首页 > 英文翻译

文本相似度计算（中英文）详解实战

更新时间:2023-05-14 00:14:29 阅读：评论：0

⽂本相似度计算（中英⽂）详解实战

使⽤tf_idf 模型实现中英⽂⽂本相似度计算

1. 英⽂⽂本相似度计算

1. 测试⽂本

2.去除停⽤词，英⽂不需要分词操作

3. 构建词典，也就是给每个词分配⼀个唯⼀编号

4. 根据词袋模型将分词列表集转换成稀疏向量集

doc2bow和word2vec等⼀样，是将词表⽰成特征，corpus的结果中(0, 1)理解为每个编号为0的词出现了1次。

airtight5. 训练tf-idf模型，语料库进⾏训练documents = [ "Is there anything good playing?", "let's meet at the movie theater entrance tonight. Don't be late.", "Are you going to the movie theater with me tonight?", "I get a lump in my throat whenever I e a tragic movie.", "you're just too emotional.", "

The interction graph of paths in trees", "Graph minors IV Widths of trees and well quasi ordering", ]

9# 去掉停⽤词stoplist = t ('for a of the and to in'.split ())texts = [[word for word in document .lower ().split () if word not in stoplist ] for document in documents ]print (texts )

6[['is', 'there', 'anything', 'good', 'playing?'], ["let's", 'meet', 'at', 'movie', 'theater', 'entrance', 'tonight.', "don't", 'be', 'late.'], ['are', 'you', 'going', 'movie',

1# 将词语分词并保存dictionary = corpora .Dictionary (texts )print (dictionary .token2id ) # 查看每个词的唯⼀编号# 词袋模型基于词典，将分词列表集转换成稀疏向量集，即语料库corpus = [dictionary .doc2bow (text ) for text in texts ]print (corpus )

6{'anything': 0, 'good': 1, 'is': 2, 'playing?': 3, 'there': 4, 'at': 5, 'be': 6, "don't": 7, 'entrance': 8, 'late.': 9, "let's": 10, 'meet': 11, 'movie': 12, 'theater': 13,Dictionary(44 unique tokens: ['anything', 'good', 'is', 'playing?', 'there']...)

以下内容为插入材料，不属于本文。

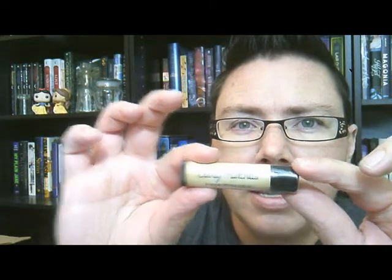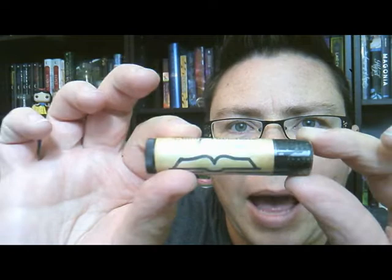I also see some lip balm — Clary Fairchild's Pomegranate Apple Lip Balm. Clary, of course, is from the Cassandra Clare universe, the Mortal Instruments and that kind of thing. The lip balm is made by Endlessly Reading, which is kind of cool, and there's a little book on it.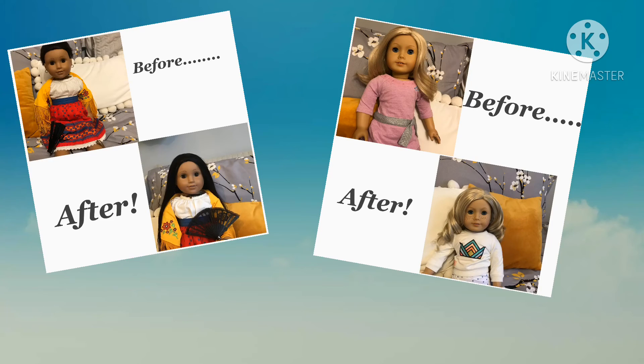Here are their before and after shots. I think they turned out amazing and I'm really proud of Ivy's little customization. Josie's hair turned out awesome too. Thank you guys so much for watching — I hope you enjoyed it and I'll see you in future videos!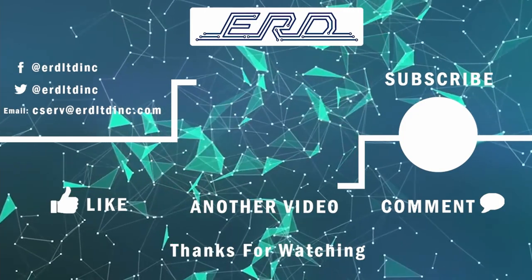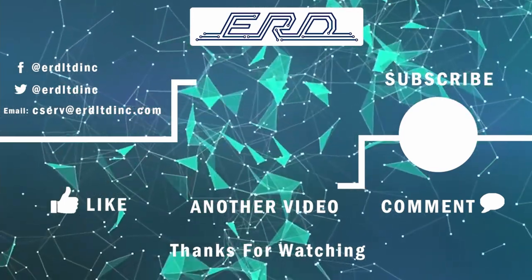Thanks for checking out the video. Subscribe to ERD TV for more videos of our repairs.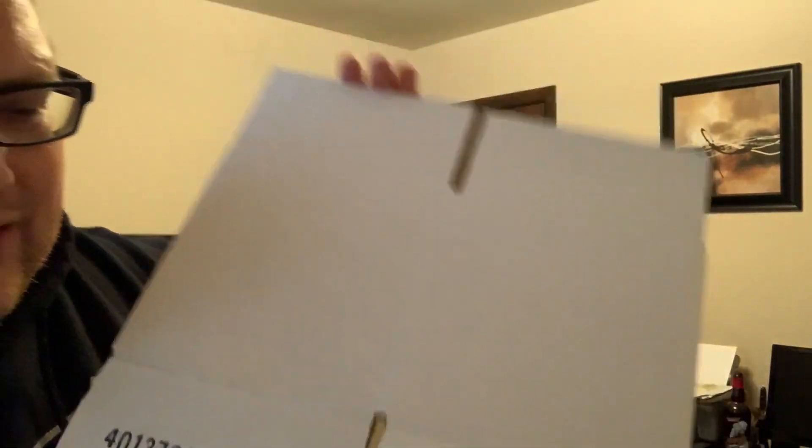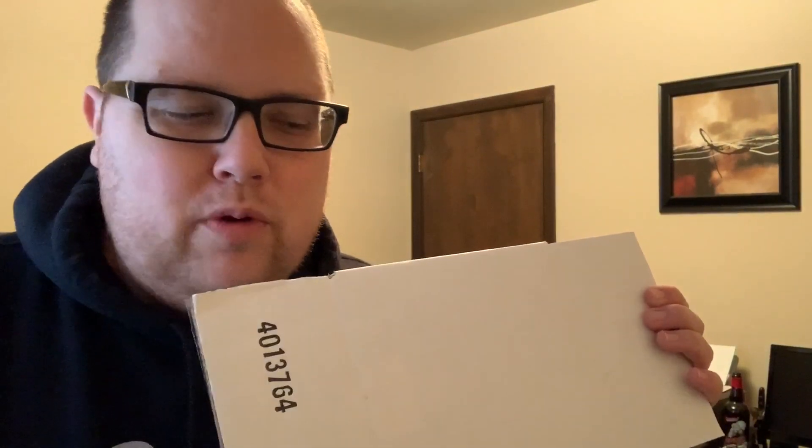To ship this item I use a poly bag and then I use a seven by seven by seven box. I know a lot of people use eight by six by four, but when I was learning how to ship a hat the video I watched used a seven by seven by seven, so I bought those boxes and I like them. This poly bag is a little bit bigger than I like, but I ran out of the other ones.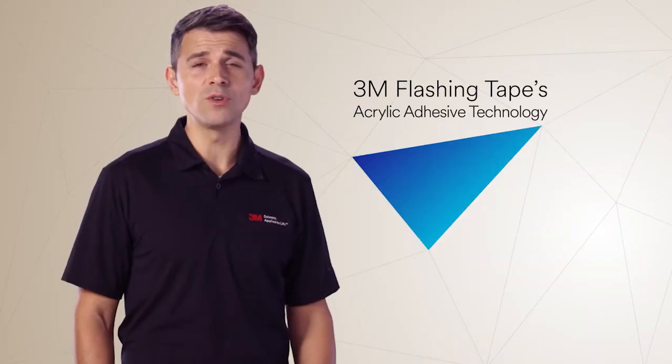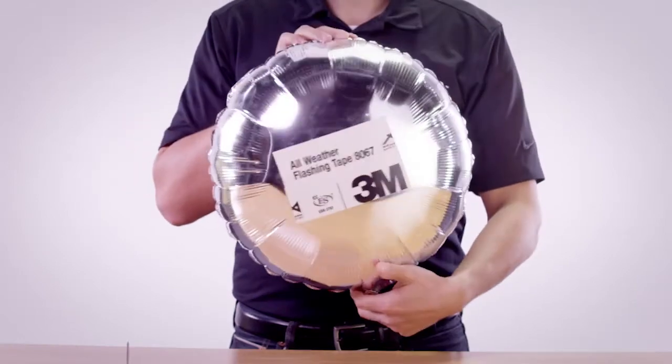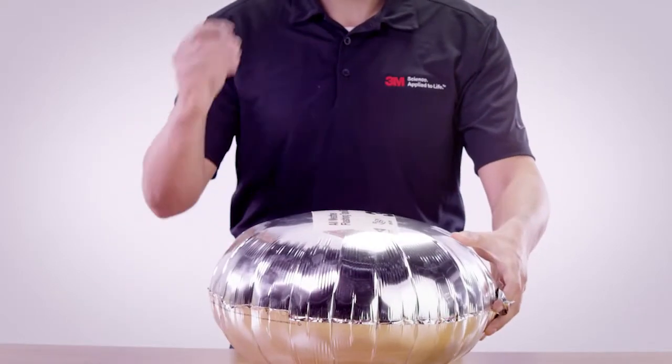On the job site, your building materials have to be as tough as you are. 3M Flashing Tape's acrylic adhesive technology paired with a multi-layered backing creates a seal that's made to last.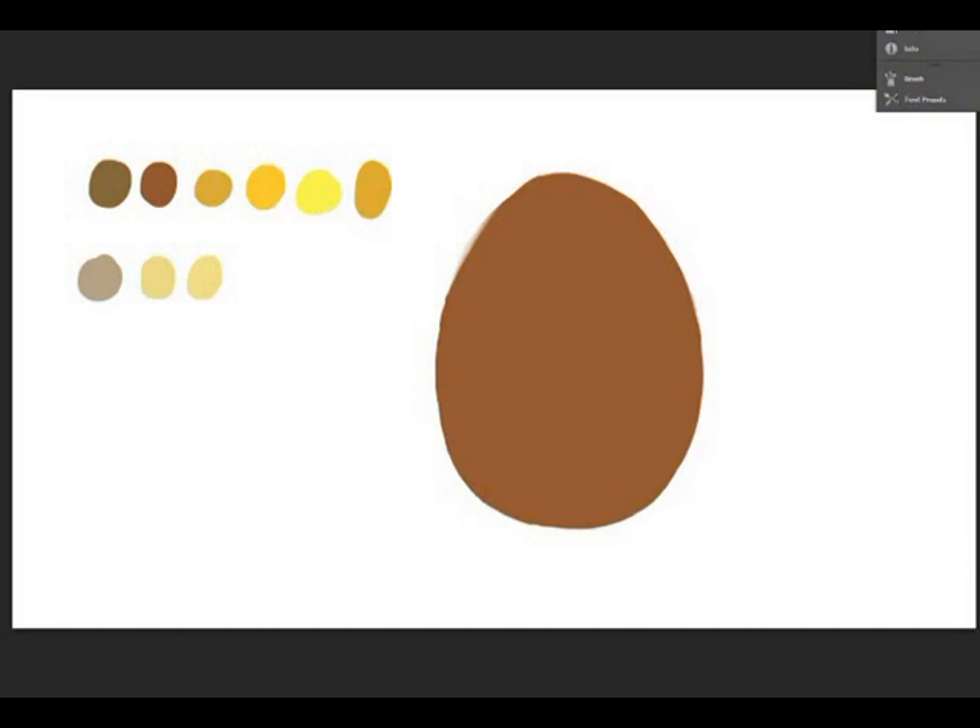Hey guys, welcome to another video tutorial. Today we'll be covering how to draw gems, so let's begin. If you guys see all the colors that I placed down on the canvas, those will be all the colors I'll be using for this gem.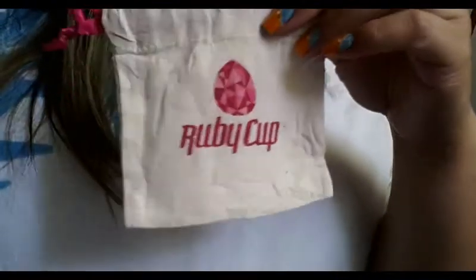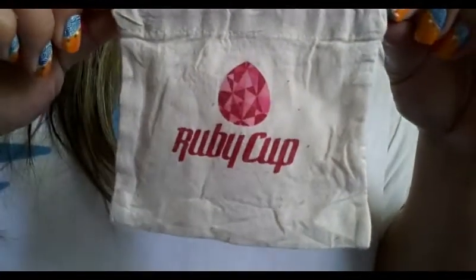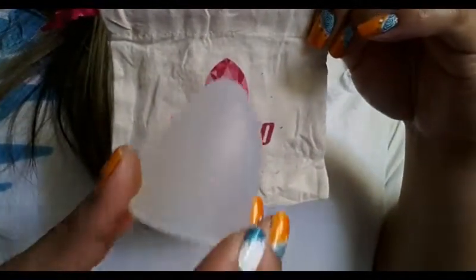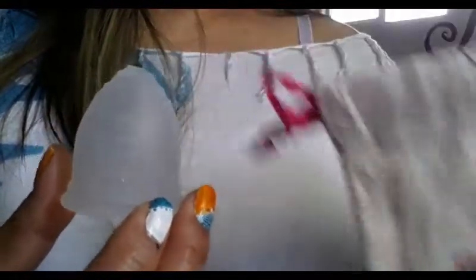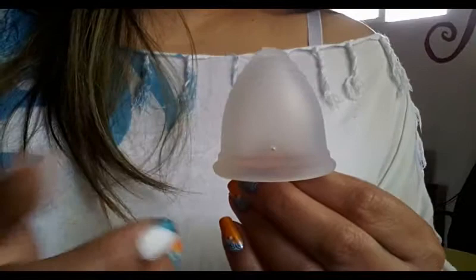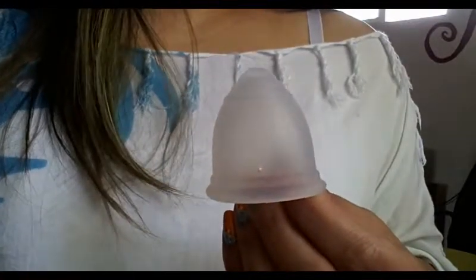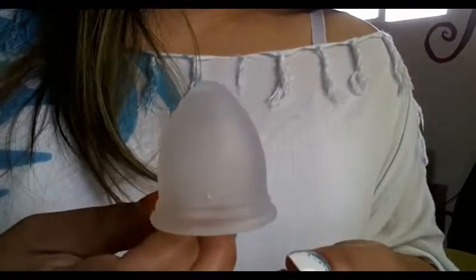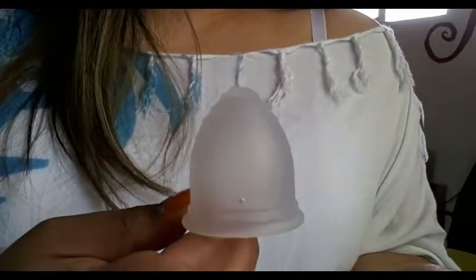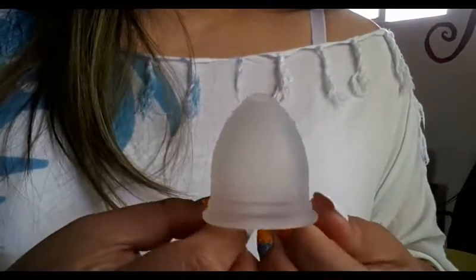Now I'm going to talk about the Ruby Cup. The Ruby Cup is from a company that was originally in Germany and now they're based in Berlin and Kenya. According to their website they do use 100% medical grade silicone, and they have this really awesome concept called the buy one give one — every time a Ruby Cup is purchased from their website or one of their other vendors, they give a cup to someone in need in Africa. That's an awesome concept and a great feeling to know that you're buying from a company that is reaching out to help other people and it's not just all about the money for them.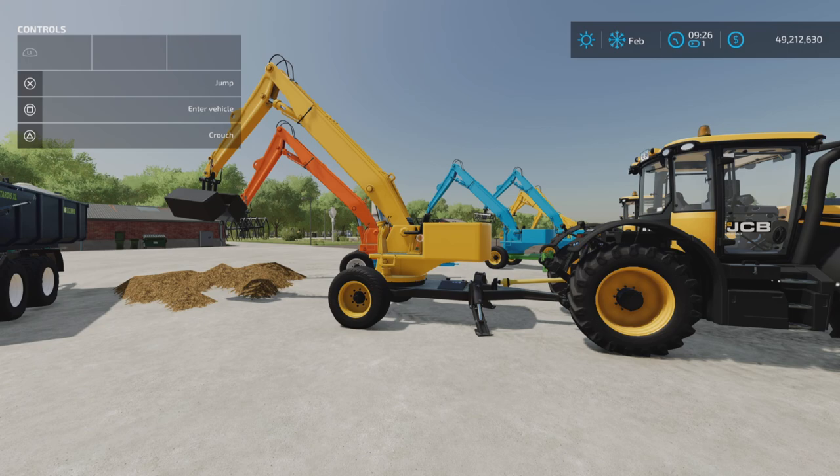Loony Farm Guy here, and in this video we'll be looking at the Trailed Loader by RL Monning on Farming Simulator 22. This is for all platforms — PC, Mac, and Console. I'm on PS5 here on Rock Crawl, and this is 6.79 megabytes to download.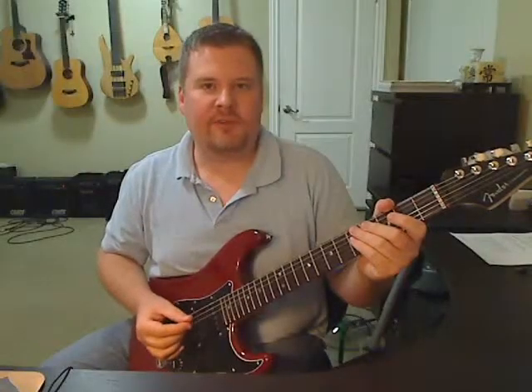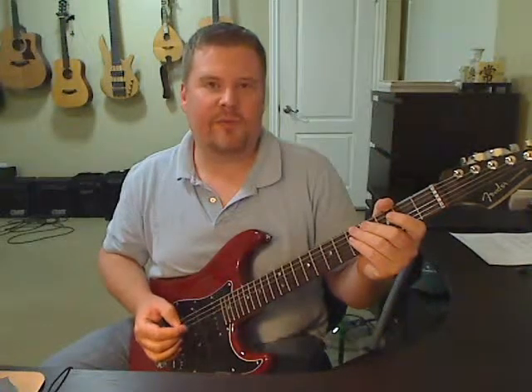It's important to practice in different time signatures. You can play everything in 4/4 time and not feel anything else. Here's a short example in 7/8 time.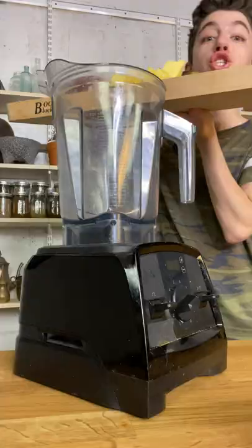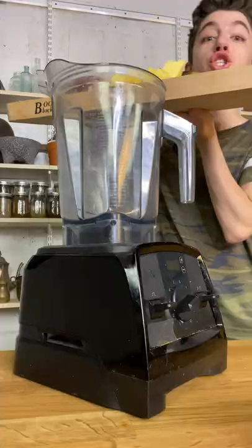Do you like piña coladas? Oh my god, let's make piña coladas. Chop pineapple into the blender. Can of coconut milk. Whole lot of ice.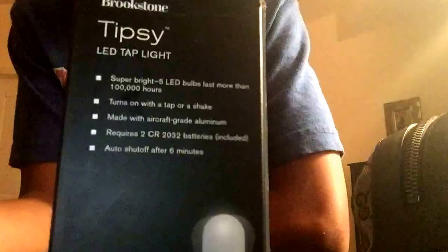This thing is pretty dang heavy despite its size. It looks like a pill — do not attempt to swallow this. I don't know what idiot would swallow this.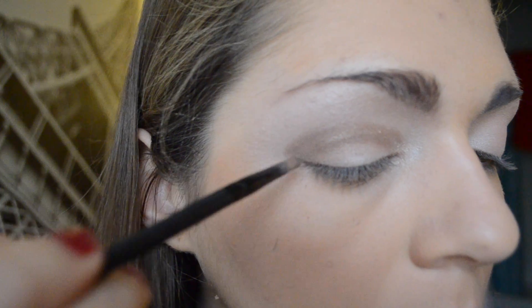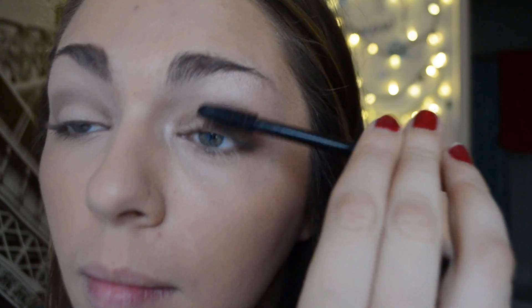Last I am taking a dark black and blending that out in the corner of my eye. This makes a very pretty and very easy smoky eye. Then I am using my waterproof mascara and applying that very lightly.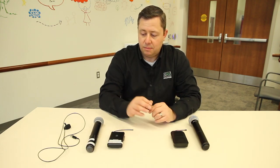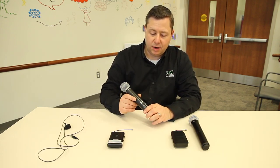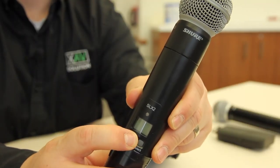When the room is open, the microphones will all work at the same time. All you do is take the microphone and press the button to turn it on.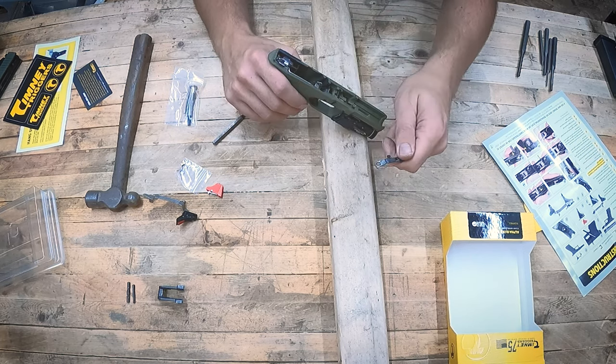We've done the quick function checks of the safety to make sure the safety bar is working. Now we've got our slide on. We'll go ahead and rack the slide and now we can feel our new trigger. Very nice — very crispy, as they say. Very happy. There's a little bit of travel — very short travel compared to the stock trigger, that is so much shorter. Nice clean break.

2corpus = [dictionary .doc2bow (text ) for text in texts ]print (corpus )

2[[(0, 1), (1, 1), (2, 1), (3, 1), (4, 1)], [(5, 1), (6, 1), (7, 1), (8, 1), (9, 1), (10, 1), (11, 1), (12, 1), (13, 1), (14, 1)], [(12, 1), (13, 1), (15, 1), (16, 1), (17,

6. ⽤测试集来测试

7. ⽤测试集的这句话与⽂本中的每⼀句话计算相似度

可以看的出来，测试集数据与第1句话和第2句话有相似性（编号从0开始的）

7. 提取出相似值最⼤的值

英语翻译转换器拿到了索引，我们可以做字典映射将原始⽂档中的话找出来，任务完成。

完整代码# 训练tf-idf 模型，语料库进⾏训练tfidf = models .TfidfModel (corpus )# ⽤训练好的TF-IDF 模型处理被检索⽂本，即语料库corpus_tfidf = tfidf [corpus ]

thriller

5# 要检索的句⼦query = 'I like movie'# 利⽤doc2bow 对其进⾏分割把该句⼦列表根据dictionary 变成稀疏向量vec_bow = dictionary .doc2bow (query .split ())print (vec_bow ) # [(12, 1)] 说明movie 的编号是12，出现了⼀次，i like 没有在语料库中出现# 然后求tf_idf vec_tfidf = tfidf [vec_bow ]print (vec_tfidf ) # [(12, 1.0)]

8# 相似度检索返回最similarity = similarities .MatrixSimilarity (corpus_tfidf )# 该句话与语料库所有句⼦计算的相似度值sims = similarity [vec_tfidf ]print (sims )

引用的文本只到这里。